Agriculture and food security, climate change, digital technology, education, energy, the environment, the financial sector, fragility and vulnerability, gender equality, governance, health, public-private partnerships (PPP), regional cooperation, social development, transport, urban development, and water are just a few of the areas where ADB supports projects. Some examples of ADB's flagship projects are:
  • The Greater Mekong Sub-region (GMS) Program includes Cambodia, the People's Republic of China (more specifically, Yunnan Province and Guangxi Zhuang Autonomous Region), the Lao People's Democratic Republic (Lao PDR), Myanmar, Thailand, and Viet Nam. With better connectivity and infrastructural development, the program seeks to improve economic ties between the nations. The program has sponsored more than 400 projects totaling more than $23 billion since its start in 1992.
  • The Central Asia Regional Economic Cooperation (CAREC) Program includes Afghanistan, Azerbaijan, Georgia, Kazakhstan, Kyrgyz Republic, Mongolia, Pakistan, Tajikistan, Turkmenistan, and Uzbekistan. The program focuses on four major areas: transportation, trade facilitation, energy, and the creation of economic corridors. The program has sponsored more than 200 projects totaling over $39 billion since its start in 2001.
  • The South Asia Sub-regional Economic Cooperation (SASEC) Program includes Bangladesh, Bhutan, India (particularly the state of Bihar), the Maldives, Nepal, and Sri Lanka. With better cross-border connectivity, increased commerce among member nations, higher energy security, and strengthened regional institutions, the initiative seeks to advance regional prosperity. The program has sponsored more than 60 projects totaling over $13 billion since its start in 2001.

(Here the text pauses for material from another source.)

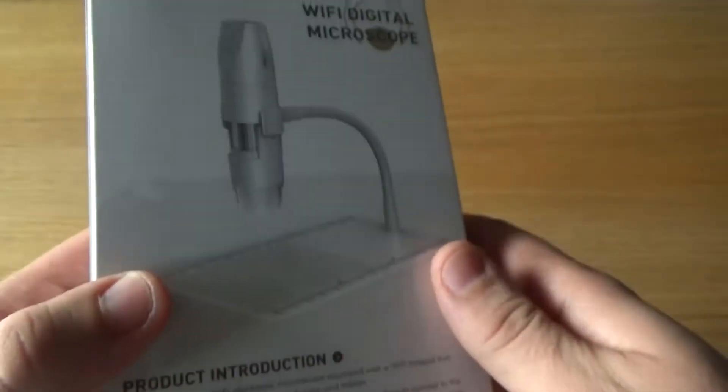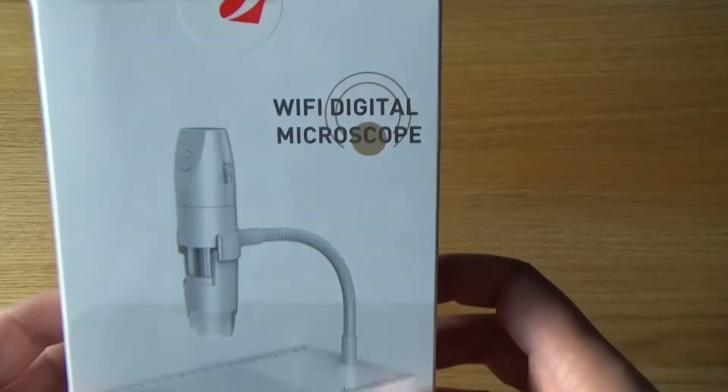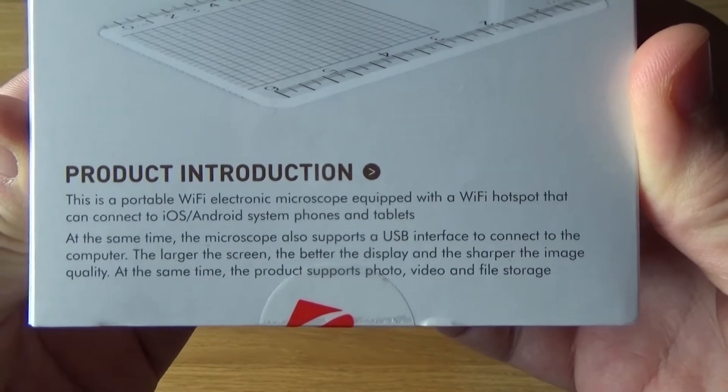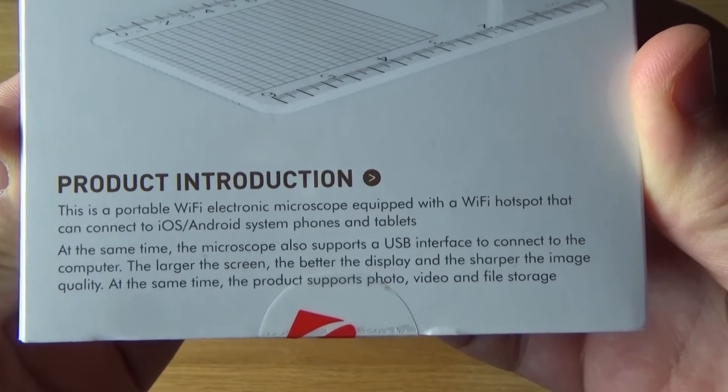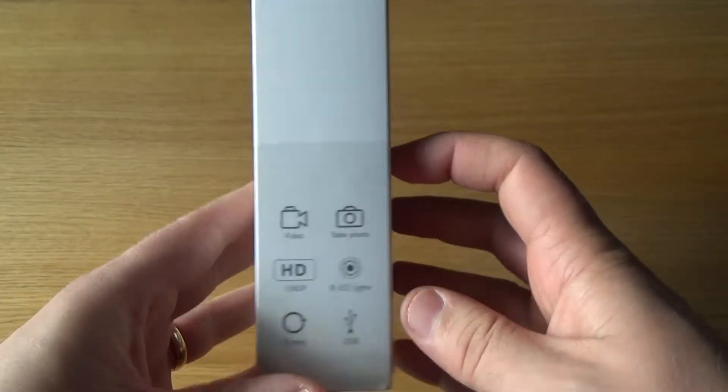Here are some tech specifications — if you want to read those at your own leisure, you can pause the video and do that. That important point on the front: it's a Wi-Fi microscope, and that is an actual cool feature. I'm going to talk about that at the very end of the video and show you guys how that works.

In order to offer its members and stakeholders knowledge products and evidence-based policy guidance, ADB also conducts economic research and analysis. Several studies and publications are released by ADB on a variety of subjects, including economic projections, development indicators, taxation, gender equality, climate change, and digital technologies. To disseminate information and viewpoints on regional development challenges, ADB also runs online hubs such as the Asia Pacific Tax Hub, Development Asia magazine, ADB Blogs, and ADB Data Library.

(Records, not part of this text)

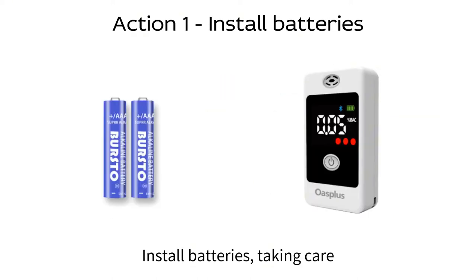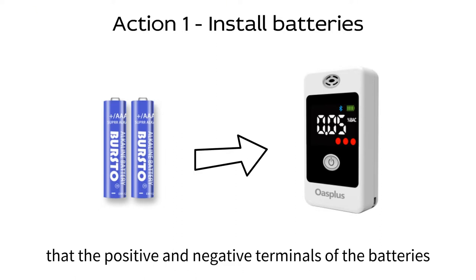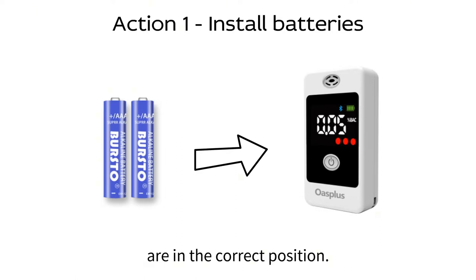Quick guide. Number one, install batteries, taking care that the positive and negative terminals of the batteries are in the correct position.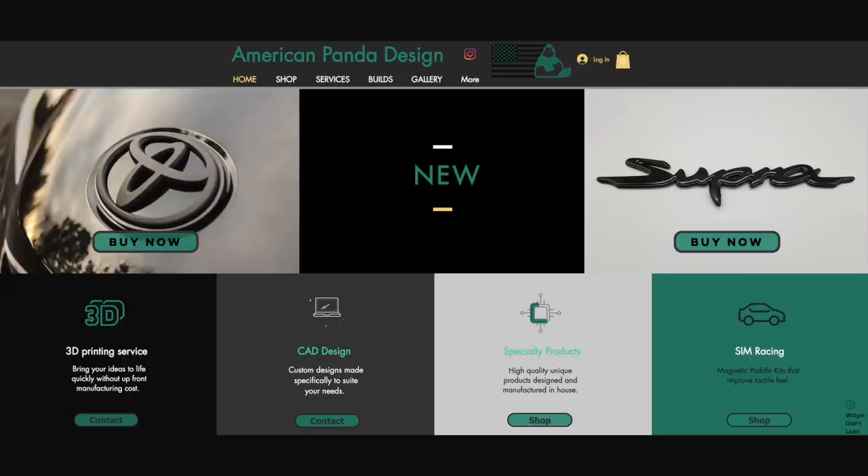We got Andre's F30 coming over, we're going to install these on his car, show you guys the difference, show you how to install them. If you're interested in buying a set, you will be able to get them this Saturday, January 1st at 10 a.m. Eastern. The website is linked below — americanpandadesign.com.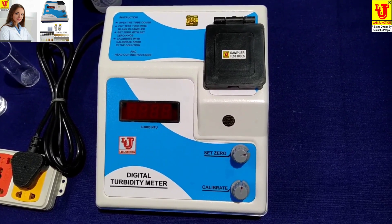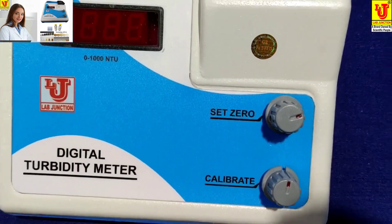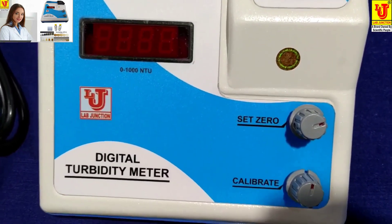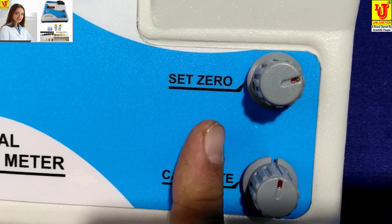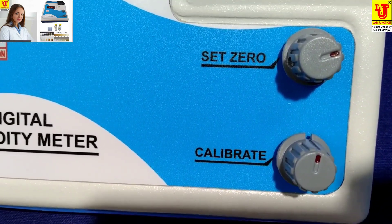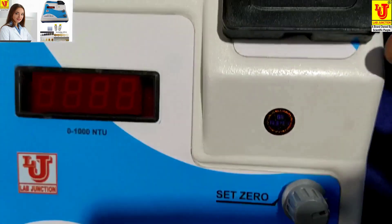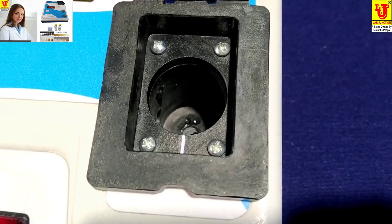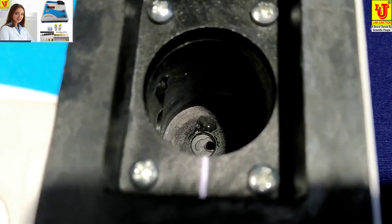This is our main unit and this is the front view. In the front view, this is the display and these are the two controls. One is Set 0 for setting zero, and one is Calibrate for calibration of the standard. This is the sample compartment for keeping sample test tubes in the sample holder.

In conclusion, the Asian Development Bank is an important ally in the region's development. It offers both financial and technical support to help its members' initiatives for inclusive and sustainable growth and poverty reduction succeed. In order to handle shared issues and opportunities, it also promotes regional cooperation and integration. In order to inform and have an impact on policies and practices, it also creates and disseminates information and innovation.